I’d been waiting to see Kevin Smith’s Tusk in the cinema. I figured there would be a big Brighton premier at the Duke of Yorks, but for whatever reason that never happened and I never got around to seeing it. Lou-Ice suggested watching and it was fun, despite some sloppy editing (the scenes from wife-beater Johnny Depp went on far too long). But, for all its ridiculous, over-the-top nature, the film was tragic, with Justin Long did a great job of portraying a man whose humanity was ripped away.

I continued playing The Last of Us Part 2, collecting all the main trophies. I finally completed Stray after a long break, then bought Red Dead Redemption 2. I’m finding that incredibly hard to get into, so ended up completing The Last of Us Part 1, which I’d also ignored for a long time. I love The Last of Us games for the atmosphere, ruinporn and world-building, but both Joel and Ellie are terrible people. I’d rather be playing positive games in that world, working towards better things.

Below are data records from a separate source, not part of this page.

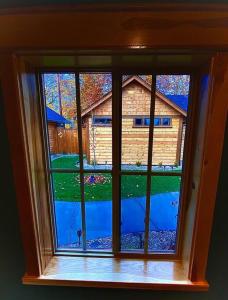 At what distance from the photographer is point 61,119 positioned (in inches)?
41.2

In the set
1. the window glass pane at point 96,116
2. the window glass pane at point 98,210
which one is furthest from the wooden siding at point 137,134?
the window glass pane at point 98,210

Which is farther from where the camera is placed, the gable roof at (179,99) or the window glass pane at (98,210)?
the window glass pane at (98,210)

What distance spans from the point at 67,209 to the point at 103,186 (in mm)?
234

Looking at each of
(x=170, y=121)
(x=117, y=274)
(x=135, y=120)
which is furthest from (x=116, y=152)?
(x=117, y=274)

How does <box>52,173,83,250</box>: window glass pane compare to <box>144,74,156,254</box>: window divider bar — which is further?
<box>52,173,83,250</box>: window glass pane

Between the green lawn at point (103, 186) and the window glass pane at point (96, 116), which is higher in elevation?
the window glass pane at point (96, 116)

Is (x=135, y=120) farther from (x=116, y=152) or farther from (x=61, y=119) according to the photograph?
(x=61, y=119)

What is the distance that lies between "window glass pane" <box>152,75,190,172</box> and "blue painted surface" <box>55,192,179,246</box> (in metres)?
0.18

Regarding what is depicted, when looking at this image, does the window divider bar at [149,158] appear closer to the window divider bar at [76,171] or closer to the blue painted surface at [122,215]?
the blue painted surface at [122,215]

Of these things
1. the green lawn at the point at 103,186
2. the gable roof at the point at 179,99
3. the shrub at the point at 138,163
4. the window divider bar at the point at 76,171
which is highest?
the gable roof at the point at 179,99

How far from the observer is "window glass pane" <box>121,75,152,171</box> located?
99 cm

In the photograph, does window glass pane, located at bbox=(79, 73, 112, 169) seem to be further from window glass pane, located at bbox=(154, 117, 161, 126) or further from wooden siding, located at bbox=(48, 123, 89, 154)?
window glass pane, located at bbox=(154, 117, 161, 126)

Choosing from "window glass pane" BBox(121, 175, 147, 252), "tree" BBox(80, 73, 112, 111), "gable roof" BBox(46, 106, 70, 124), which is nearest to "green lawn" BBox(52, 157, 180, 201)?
"window glass pane" BBox(121, 175, 147, 252)

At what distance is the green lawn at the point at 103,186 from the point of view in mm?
1093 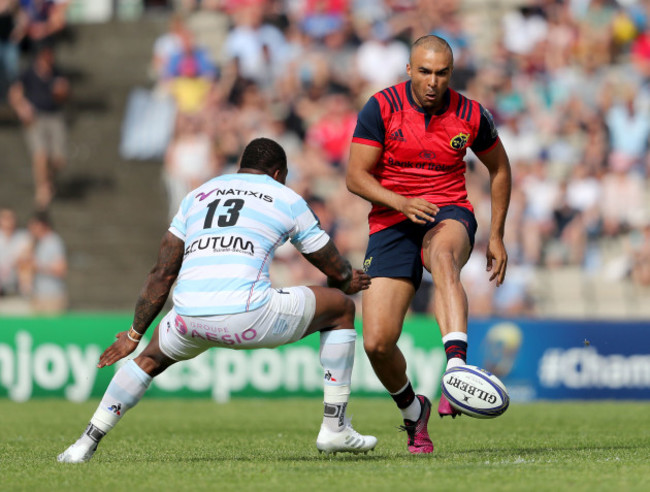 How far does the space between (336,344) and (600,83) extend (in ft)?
42.6

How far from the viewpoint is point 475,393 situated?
698 cm

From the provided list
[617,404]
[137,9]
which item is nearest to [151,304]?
[617,404]

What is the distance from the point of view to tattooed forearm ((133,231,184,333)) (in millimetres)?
7191

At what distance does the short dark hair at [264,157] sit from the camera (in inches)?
285

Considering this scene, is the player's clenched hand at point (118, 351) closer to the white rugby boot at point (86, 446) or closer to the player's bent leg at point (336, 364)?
the white rugby boot at point (86, 446)

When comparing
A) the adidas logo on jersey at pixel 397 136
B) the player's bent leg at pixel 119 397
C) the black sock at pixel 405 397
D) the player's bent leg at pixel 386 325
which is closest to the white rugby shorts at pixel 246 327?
the player's bent leg at pixel 119 397

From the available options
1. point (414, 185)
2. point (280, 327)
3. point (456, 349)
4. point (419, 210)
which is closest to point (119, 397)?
point (280, 327)

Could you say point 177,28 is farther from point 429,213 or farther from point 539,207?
point 429,213

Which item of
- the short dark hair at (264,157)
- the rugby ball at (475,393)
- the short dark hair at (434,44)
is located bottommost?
the rugby ball at (475,393)

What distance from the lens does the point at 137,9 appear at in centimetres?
2420

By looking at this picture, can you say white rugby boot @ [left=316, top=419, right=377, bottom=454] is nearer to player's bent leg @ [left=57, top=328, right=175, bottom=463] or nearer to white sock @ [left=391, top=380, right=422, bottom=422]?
white sock @ [left=391, top=380, right=422, bottom=422]

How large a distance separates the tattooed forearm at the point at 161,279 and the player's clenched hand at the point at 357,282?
1.06 meters

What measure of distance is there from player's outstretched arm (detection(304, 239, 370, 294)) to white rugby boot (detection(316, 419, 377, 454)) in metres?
0.89

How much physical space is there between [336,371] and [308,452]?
43.2 inches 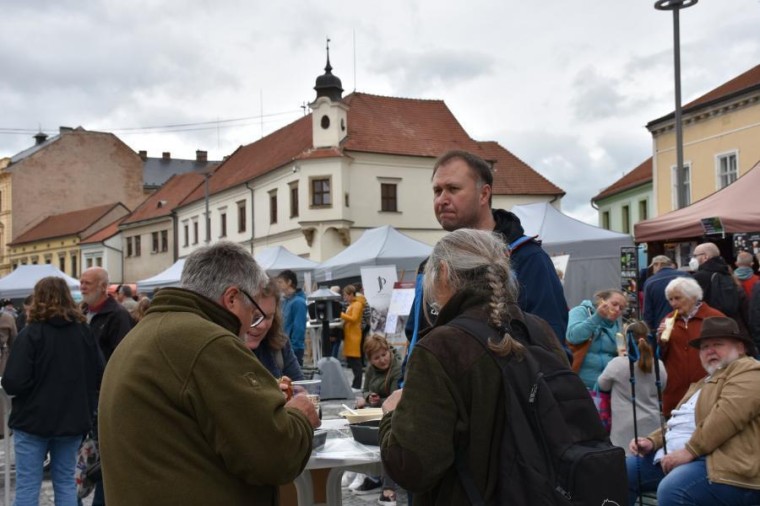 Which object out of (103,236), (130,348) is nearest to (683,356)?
(130,348)

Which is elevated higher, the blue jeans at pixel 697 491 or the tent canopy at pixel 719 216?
the tent canopy at pixel 719 216

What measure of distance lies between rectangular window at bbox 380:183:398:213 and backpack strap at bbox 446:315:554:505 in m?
38.5

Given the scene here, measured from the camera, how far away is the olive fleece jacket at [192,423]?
Result: 8.05 feet

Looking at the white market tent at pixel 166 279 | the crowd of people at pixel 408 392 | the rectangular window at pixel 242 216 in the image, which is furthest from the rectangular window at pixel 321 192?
the crowd of people at pixel 408 392

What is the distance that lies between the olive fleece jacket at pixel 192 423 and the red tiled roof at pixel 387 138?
37224 mm

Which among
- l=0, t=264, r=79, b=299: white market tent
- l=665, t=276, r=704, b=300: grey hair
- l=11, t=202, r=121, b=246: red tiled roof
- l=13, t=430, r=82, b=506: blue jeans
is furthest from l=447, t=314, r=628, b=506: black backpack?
l=11, t=202, r=121, b=246: red tiled roof

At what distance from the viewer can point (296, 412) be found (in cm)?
275

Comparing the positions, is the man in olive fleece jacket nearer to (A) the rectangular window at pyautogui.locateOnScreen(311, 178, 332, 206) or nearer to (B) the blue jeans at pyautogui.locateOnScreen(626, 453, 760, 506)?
(B) the blue jeans at pyautogui.locateOnScreen(626, 453, 760, 506)

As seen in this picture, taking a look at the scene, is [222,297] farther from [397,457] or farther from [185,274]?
[397,457]

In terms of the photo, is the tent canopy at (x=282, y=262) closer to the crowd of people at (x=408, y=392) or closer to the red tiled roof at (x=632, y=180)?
the crowd of people at (x=408, y=392)

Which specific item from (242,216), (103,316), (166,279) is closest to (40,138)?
(242,216)

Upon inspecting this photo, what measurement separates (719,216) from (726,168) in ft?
58.4

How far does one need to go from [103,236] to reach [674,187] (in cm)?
4445

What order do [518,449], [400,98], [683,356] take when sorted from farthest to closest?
[400,98] < [683,356] < [518,449] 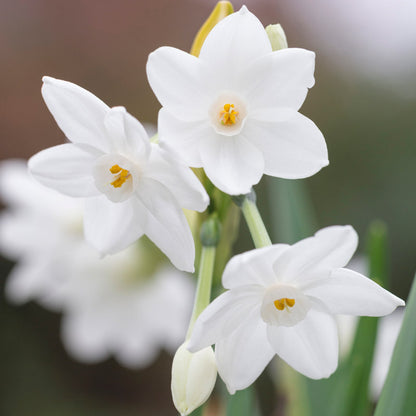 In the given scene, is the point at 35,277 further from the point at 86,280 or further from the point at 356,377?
the point at 356,377

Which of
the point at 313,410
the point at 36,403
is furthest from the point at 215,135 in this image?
the point at 36,403

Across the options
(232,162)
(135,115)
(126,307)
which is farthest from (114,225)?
(135,115)

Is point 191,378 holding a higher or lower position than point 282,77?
lower

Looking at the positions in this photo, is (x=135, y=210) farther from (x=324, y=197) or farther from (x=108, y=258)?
(x=324, y=197)

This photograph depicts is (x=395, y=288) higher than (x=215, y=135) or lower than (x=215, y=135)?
lower

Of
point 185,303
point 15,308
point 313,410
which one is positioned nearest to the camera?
point 313,410

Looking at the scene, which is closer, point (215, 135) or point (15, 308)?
point (215, 135)

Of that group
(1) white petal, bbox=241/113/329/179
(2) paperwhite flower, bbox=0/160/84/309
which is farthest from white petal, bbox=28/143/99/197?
(2) paperwhite flower, bbox=0/160/84/309

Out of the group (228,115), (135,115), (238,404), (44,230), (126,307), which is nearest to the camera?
(228,115) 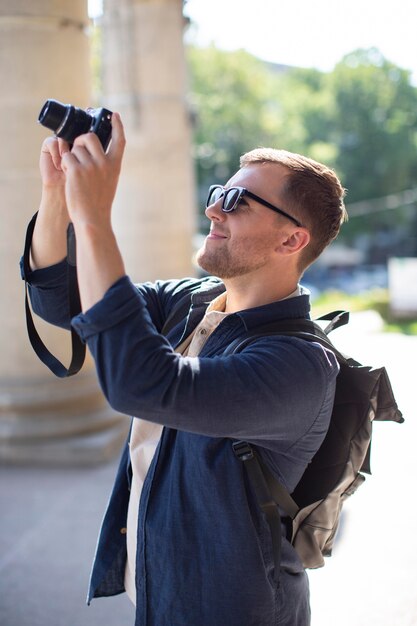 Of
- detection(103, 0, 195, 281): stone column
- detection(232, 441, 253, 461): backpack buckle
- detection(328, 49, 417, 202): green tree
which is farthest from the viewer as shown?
detection(328, 49, 417, 202): green tree

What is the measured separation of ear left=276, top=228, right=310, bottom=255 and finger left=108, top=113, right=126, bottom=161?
1.86 ft

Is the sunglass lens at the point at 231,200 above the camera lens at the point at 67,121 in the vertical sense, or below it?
below

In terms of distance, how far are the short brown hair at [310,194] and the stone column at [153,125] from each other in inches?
261

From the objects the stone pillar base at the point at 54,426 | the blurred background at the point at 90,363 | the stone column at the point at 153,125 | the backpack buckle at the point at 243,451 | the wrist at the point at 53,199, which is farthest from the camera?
the stone column at the point at 153,125

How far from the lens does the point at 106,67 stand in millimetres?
8672

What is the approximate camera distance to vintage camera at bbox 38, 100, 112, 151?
4.72ft

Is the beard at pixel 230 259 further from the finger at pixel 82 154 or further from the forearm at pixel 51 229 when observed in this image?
the finger at pixel 82 154

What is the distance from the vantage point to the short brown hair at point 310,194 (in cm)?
180

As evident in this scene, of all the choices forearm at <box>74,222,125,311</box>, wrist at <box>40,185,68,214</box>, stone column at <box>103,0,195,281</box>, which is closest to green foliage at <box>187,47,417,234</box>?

The real world continues to be alarming. We had another flurry of posturing about nuclear weapons, which makes me anxious. Everyone seems reconciled to the idea that someone is going to use a nuclear weapon before long. Trident is not making me feel any safer, and maybe unilateral disarmament is a good thing. In the UK, we’ve had more political chaos, and a couple of power-cuts in the valley. As entertaining as I find the parliamentary side of the political situation, I am shocked at how poorly-managed the country is right now. It feels inevitable that something is going to go very wrong this winter.

Having five weeks off has been interesting. Having recently read Four thousand weeks, I was aware of the need to be selective about what how my time is spent. And that turned out to be true – five weeks is a long time, but I’ve not had enough time for large new projects, instead mostly progressing some old ones. I finally launched a basic site about the Pennine Way and started with Dan on Mycelic/Discordian Parish Magazine.

I’ve become much better organised over the past few weeks by following the advice in James Stanier’s book on management – keeping email and to-do list and calendar separate. It’s also made me feel healthier and distractible than I did beforehand. Even so, I’ve still achieved less than I would have expected, which makes me aware that I need to be selective about how I spend my time, particularly once I start work again. The non-work activity that is most important to me is writing stories, and I need to double-down on that. I’m thinking about trying to submit one new short story a week – that sort of arbitrary goal can be useful for developing something.